Note: At the moment we require
NaiveTablePairsGeneratorfor table pair generator, i.e. all possible combinations of source and target tables. - First-Line Matching: A selection of different first-line schema matchers are applied to the candidate table pairs. First-line matchers operate on the input data and do not require any other matcher's output. Each matcher outputs a similarity matrix for the entire matching scenario.
- Similarity Matrix Boosting: The output of the first-line matchers is improved using metadata (e.g., data dependencies).
- Second-Line Matching: A selection of different second-line schema matchers are applied to the candidate table pairs. Second-line matchers use the improved output of the previous step. A common second-line matcher is an ensemble matcher, i.e., a matcher combining different first-line matchers to produce a new similarity matrix.
- Similarity Matrix Boosting: Finally, the output of second-line matchers is improved using metadata.
For each scenario, Schematch creates an instance of MatchTask. This instance holds all information
about the current match process, such as the similarity matrices produced by matchers and similarity matrix boosting.
Data is stored in a hierarchical fashion in classes of the data package:
- A
Datasetconsists of one or more instances ofScenario - A
Scenarioconsists of two instances ofDatabase(a source and a target database) - A
Databaseconsists of one or more instances ofTable - A
Tableconsists of one or more instances ofColumn
Initially, those data objects only hold what they read from the input files (e.g., table names, column names, schema instance data). Whenever a matcher requires additional (meta)data, that information is added to the data objects on demand and cached for later use by other matchers.
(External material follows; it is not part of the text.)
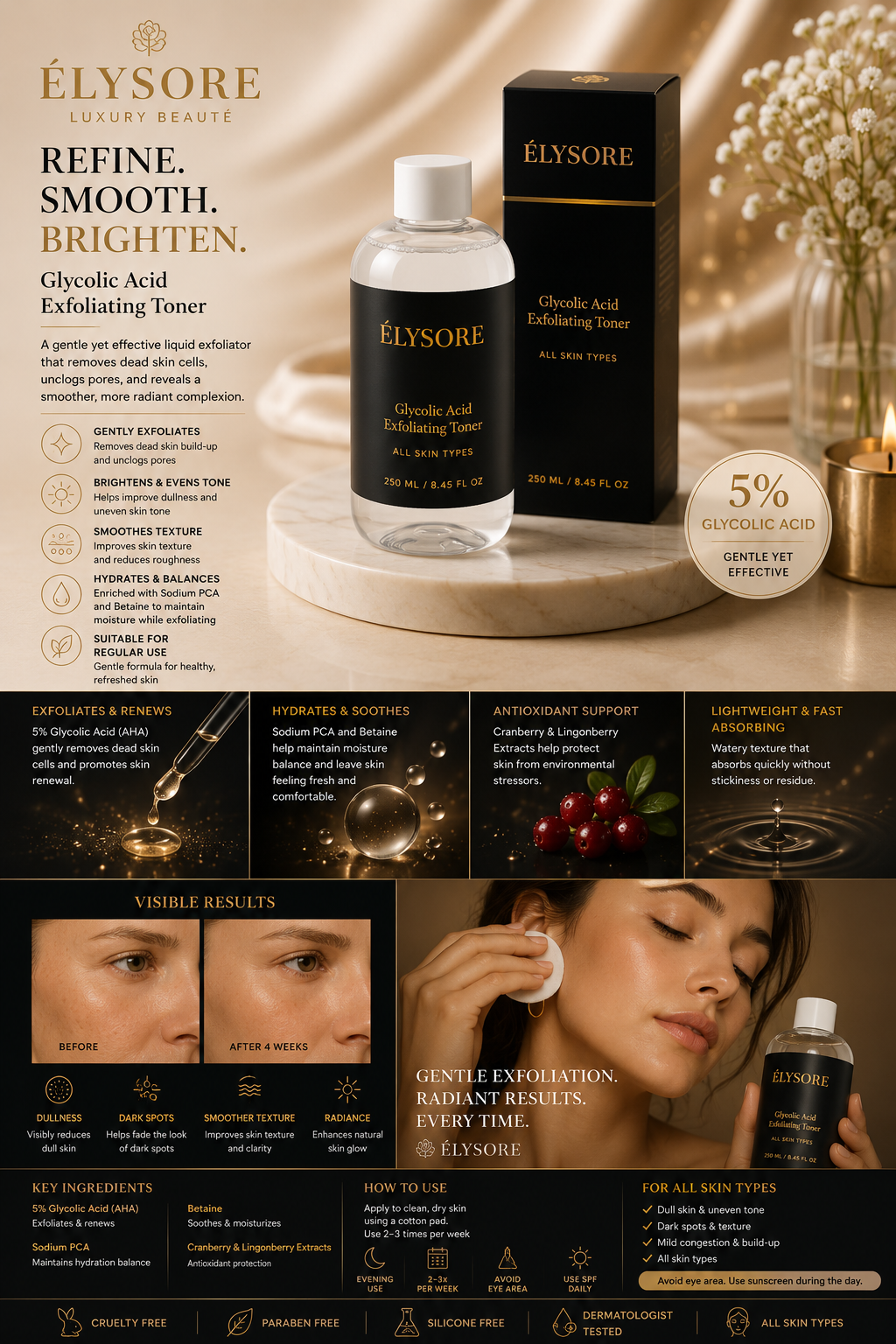 ÉLYSORE Glycolic Acid Exfoliating Toner | 5% AHA Brightening Solution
Examples are column data types, column value tokens, and multi-column data dependencies.
Any matcher needs to extend matching.Matcher. It can do so by directly extending it and implementing match(MatchTask, MatchingStep) or it can extend its subclasses TablePairMatcher or TokenizedTablePairMatcher which require the implementation of match(TablePair) and call this method for each table pair to match an entire match task.
To add your matcher to the matching process, you need to extend the list of matcher configurations in src/main/resources/first_line_matchers.yaml or src/main/resources/second_line_matchers.yaml. (see Configuration for further information)
Any similarity matrix boosting needs to implement boosting.SimMatrixBoosting. At the moment, to
test your similarity matrix boosting, you need to find and adjust these lines in Main.main():
SimMatrixBoosting firstLineSimMatrixBoosting = new IdentitySimMatrixBoosting();
SimMatrixBoosting secondLineSimMatrixBoosting = new IdentitySimMatrixBoosting();
See Results and Results#hints.
This project uses log4j for logging. You can add a logger to any class like this (make sure to replace <Your-Class-Name>):
final static Logger log = LogManager.getLogger(<Your-Class-Name>.class);
To log a message (to console and to a log file created in logs/<timestamp>.log), write:
log.info("This is an important message everyone should see");
log.debug("This is a debug message, only necessary for checking details while debugging");
log.trace("This is a very specific message, only necessary for checking step-by-step");
log.warn("This is a warning message");
log.error("This is an error message");
You can change the log level in src/main/resources/log4j2.yaml in line 19: level: INFO.
Set it to TRACE to get all log messages produced by Schematch; to DEBUG to get all debug, error, warn, and info logs;
or to INFO to only get error, warn, and info logs.